<<<<

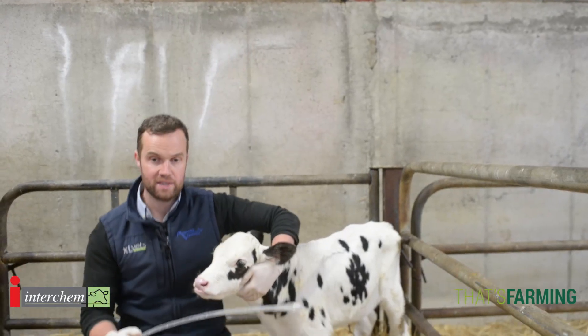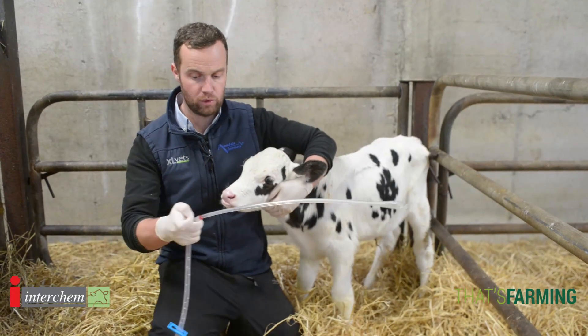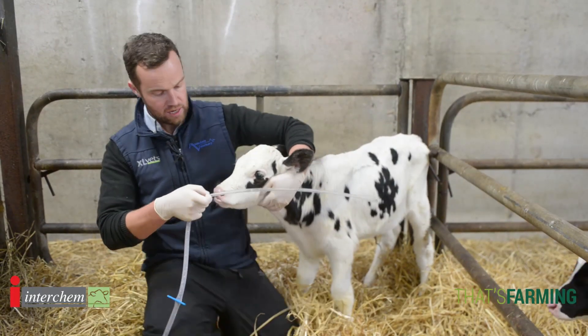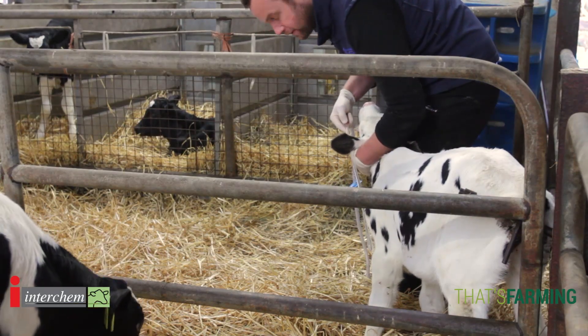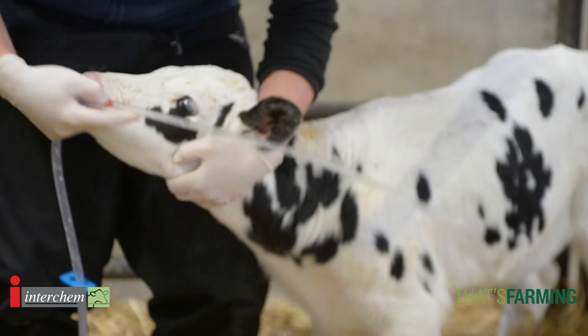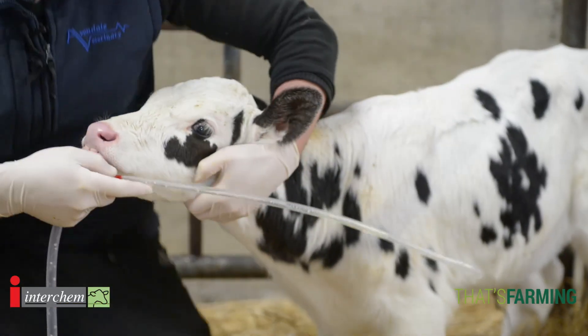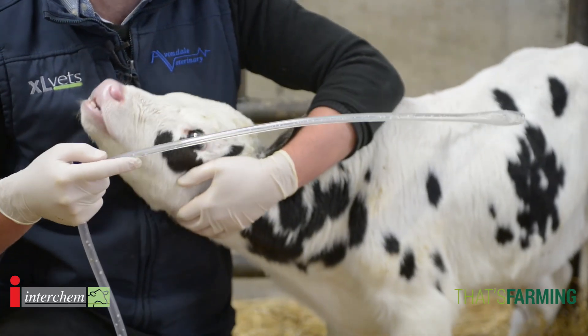One thing before we place the stomach tube is to know how far to put the stomach tube in, and a simple rule — I've marked it here in red — is that from the tip of the nose to the elbow is about the length that the tube needs to go in. Some tubes are marked but you can also mark it yourself. That's a general rule: from the tip of the nose to the elbow is the length the tube is inserted in the calf.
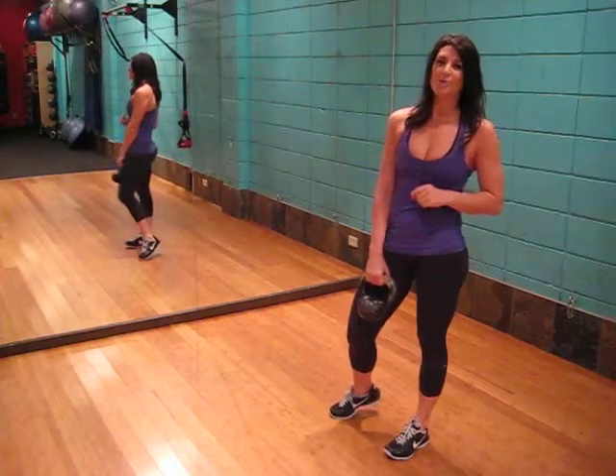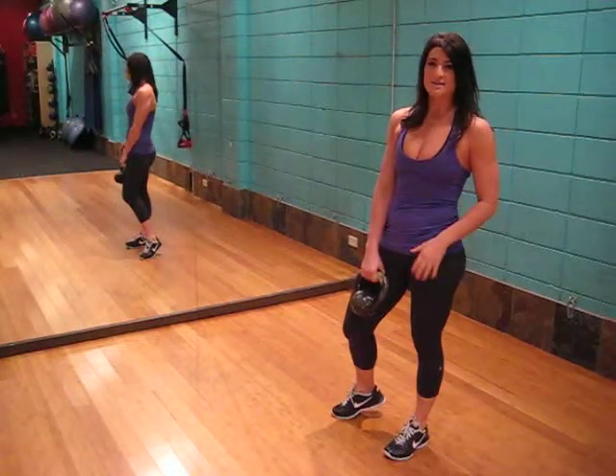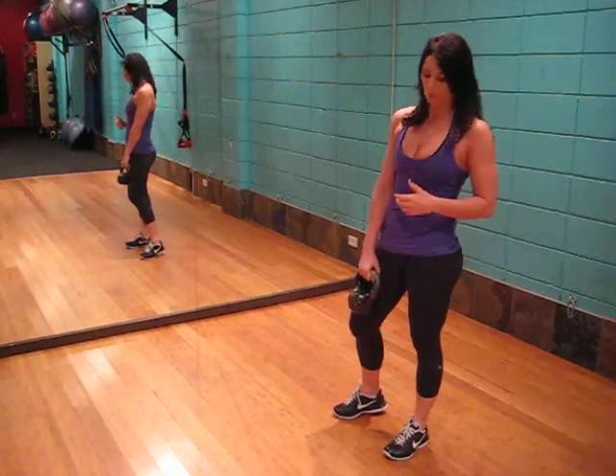This exercise is the kettlebell one-arm swing. We will be targeting the deltoids, quads, hamstrings, as well as the core.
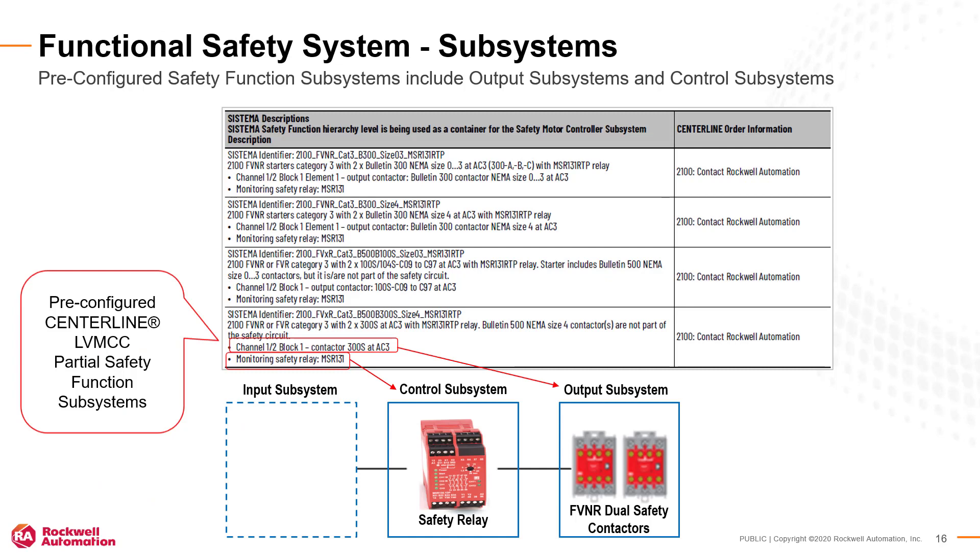Pre-configured safety subsystems are termed partial safety functions that include the output subsystem and possibly the control subsystem. This example shows an MSR131 monitoring safety relay and a full voltage non-reversing safety starter. Other tutorial videos will illustrate the design elements provided in the pre-configured partial safety functions.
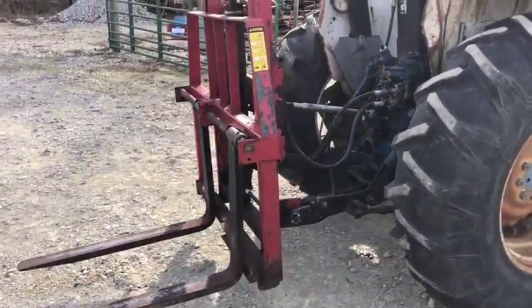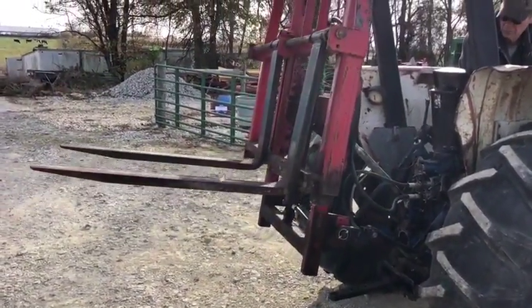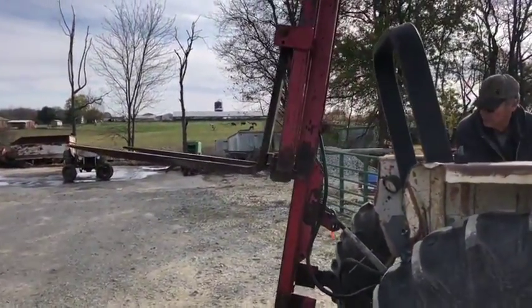One of the tines must be tweaked a little bit because they put a piece of angle iron right there so it's level when you back into a pallet — you can see that little piece of channel. It's a WorkSaver forklift, and this is on our lot.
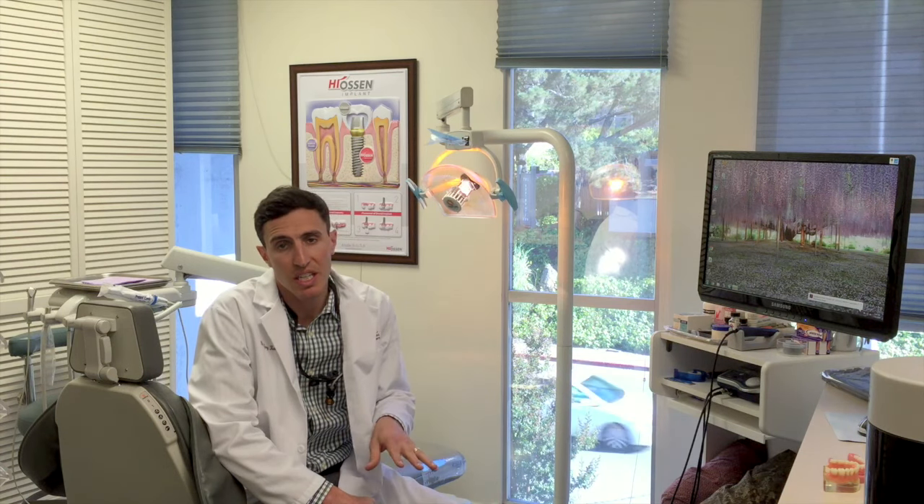Once we put the implants in, you'll need three months of healing time before we can attach it to the denture. So if you're looking to get your lower denture to hold into place a lot better, definitely come to us here at Cantor Dental Group and we'll help you chew to a better future.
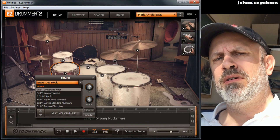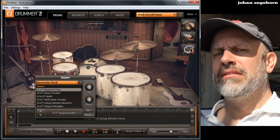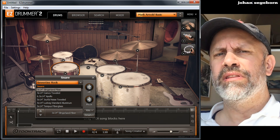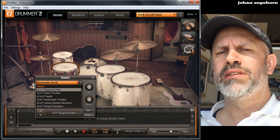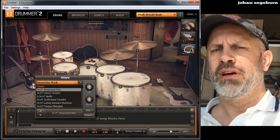Hi, today I want to check out a really powerful drum application — the Easy Drummer, 70s rock edition. I have always been skeptic to drum machines and such, but this sounds completely natural and just great.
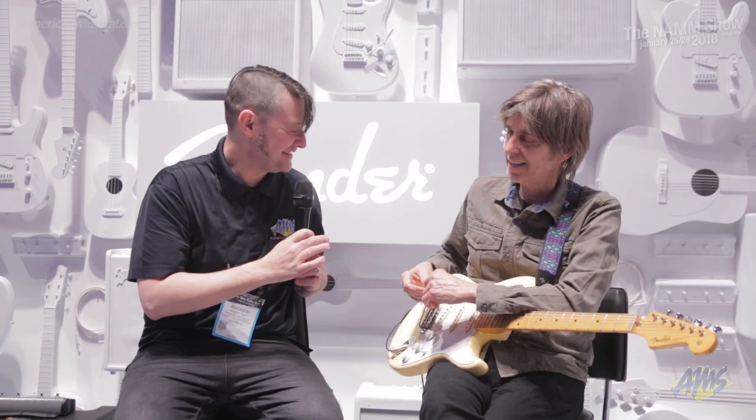Thanks so much for talking with us today. You can check Eric out on these upcoming tour dates, and you can check out the Eric Johnson signature semi-hollow Stratocaster at AmericanMusical.com.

>>>>

EXERCISE PROMPT: Look for the line that contains "Pre-configured safety subsystems", then please copy it and the rest of the lines through the end of the data, pictures excluded.

EXERCISE ANSWER:
Pre-configured safety subsystems are termed partial safety functions that include the output subsystem and possibly the control subsystem. This example shows an MSR131 monitoring safety relay and a full voltage non-reversing safety starter. Other tutorial videos will illustrate the design elements provided in the pre-configured partial safety functions.
One of the tines must be tweaked a little bit because they put a piece of angle iron right there so it's level when you back into a pallet — you can see that little piece of channel. It's a WorkSaver forklift, and this is on our lot.
Once we put the implants in, you'll need three months of healing time before we can attach it to the denture. So if you're looking to get your lower denture to hold into place a lot better, definitely come to us here at Cantor Dental Group and we'll help you chew to a better future.
Hi, today I want to check out a really powerful drum application — the Easy Drummer, 70s rock edition. I have always been skeptic to drum machines and such, but this sounds completely natural and just great.
Thanks so much for talking with us today. You can check Eric out on these upcoming tour dates, and you can check out the Eric Johnson signature semi-hollow Stratocaster at AmericanMusical.com.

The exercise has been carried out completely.